3. The assessee had also invested a sum of Rs.11,91,000 in the Madhya Pradesh State Development Loans. These bonds were purchased by the assessee at the discount price of Rs. 99'25 per bond. These bonds were encashed at the face value of Rs. 100 on the date of maturity, which fell in the accounting year relevant to the assessment year 1969-70. The Corporation thus received a sum of Rs. 12,00,000 on surrendering the bonds. The excess amount of Rs. 9,000 so realised by the Corporation was taxed by the ITO as business income of the assessee. The AAC, on appeal, held that the sum of Rs. 9,000 was a capital gain. In the second appeal preferred by the assessee before the Tribunal, the assessee did not dispute that the bonds in question were the capital assets of the assessee-Corpora-tion. It was, however, contended that the transaction of surrender of the bonds did not amount to a relinquishment of any assets and hence the excess amount received by the assessee was not liable to be taxed as a capital gain. The Tribunal negatived that contention. Aggrieved by the order passed by the Tribunal, the assessee submitted three applications for making a reference to this court. That is how, at the instance of the assessee, the aforesaid questions of law have been referred to this court for its opinion.

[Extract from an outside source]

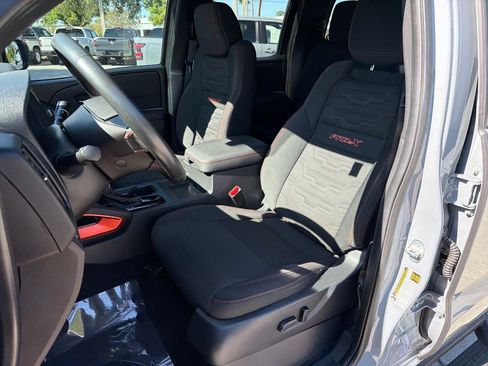 Used 2024 Nissan Frontier Pro-X w/ Technology Package image 30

4. Now, so far as the first question is concerned, the Tribunal has assumed that the dividend paid by the Corporation was chargeable to tax. We do not find any reference to any provision of law in the order of the Tribunal to justify this assumption. Learned counsel for the department brought to our notice the provisions of the Finance Act, 1964, which prescribe the rate of tax. There is, however, no provision in the Finance Act, 1964, providing for the levying of tax on the dividend distributed by a company. Under the provisions of Section 43 of the State Financial Corporations Act, 1951, for the purpose of income-tax, the assessee is to be treated as a company. There is thus no provision of law referred to by the Tribunal, nor was any such provision brought to our notice, to show that dividend paid by the assessee was chargeable to tax. In our opinion, therefore, the Tribunal was not justified in holding that the dividend tax had rightly beenlevied, on the amount of dividend paid by the assessee, for the assessment years 1964-65 and 1965-66. In this view of the matter, the question as to whether the amount of subvention by the State Govt. to the assessee in these assessment years for the payment of dividend should or should not have been held chargeable to tax does not arise for consideration. Our answer to the first question referred to us, therefore, is that the Tribunal was not justified in holding that the dividend tax had rightly been levied, on the amount of dividend paid by the assessee, for the assessment years 1964-65 and 1965-66.

5. As regards the second question, learned counsel for the parties conceded that, in view of our answer to the first question, the second question does not arise and, hence, it was not necessary to answer the second question. We, therefore, decline to answer that question.

6. As regards the third question, it was not disputed before the Tribunal on behalf of the assessee that the bonds in question, which, on surrender, resulted in a gain of Rs. 9,000 to the assessee, were capital assets of the assessee. The Tribunal has, accordingly, found that the bonds in question were the capital assets of the assessee. In view of this finding, the profit earned by the assessee on the surrender of the bonds was rightly held by the Tribunal as liable to be taxed as capital gains. Our answer to the third question is, therefore, in the affirmative and against the assessee.

7. The reference is answered accordingly. Parties shall bear their own costs in this reference.